307 lines (235 loc) · 8.95 KB

Migration Guide

This document provides step-by-step instructions for migrating between different AutoMem configurations.

Heads up for existing deployments: The default embedding dimension is now 1024d (voyage-4) for new installs. If your Qdrant collection uses a different dimension (e.g. 3072d from text-embedding-3-large or 768d from text-embedding-3-small), no action is neededVECTOR_SIZE_AUTODETECT=true (the default) automatically adopts your existing collection dimension on startup. To explicitly pin your dimension, set VECTOR_SIZE=<your-dimension> in your .env.
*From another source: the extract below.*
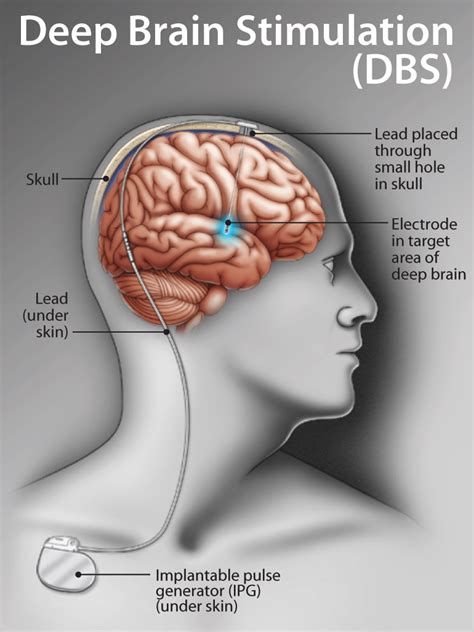 Deep Brain Stimulation (DBS):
To enforce strict matching (fail on mismatch), set VECTOR_SIZE_AUTODETECT=false.

Table of Contents


Migrating to 1024d (voyage-4 default)

When to migrate: If you're switching from OpenAI embeddings to Voyage AI (the new recommended default).

Steps

  1. Backup your data: python scripts/backup_automem.py
  2. Set environment variables:
    EMBEDDING_PROVIDER=voyage    # or auto (will prefer Voyage if VOYAGE_API_KEY is set)
    VOYAGE_API_KEY=pa-...
    VECTOR_SIZE=1024
  3. Delete and recreate the Qdrant collection:
    curl -X DELETE http://localhost:6333/collections/memories
  4. Re-embed all memories:
    python scripts/reembed_embeddings.py
  5. Verify: Check that /health shows vector_size: 1024 and recall returns results.

Alternatively, set VECTOR_SIZE_AUTODETECT=true (the default) and AutoMem will adopt your existing collection dimension without migration. Only migrate when you want to switch embedding providers.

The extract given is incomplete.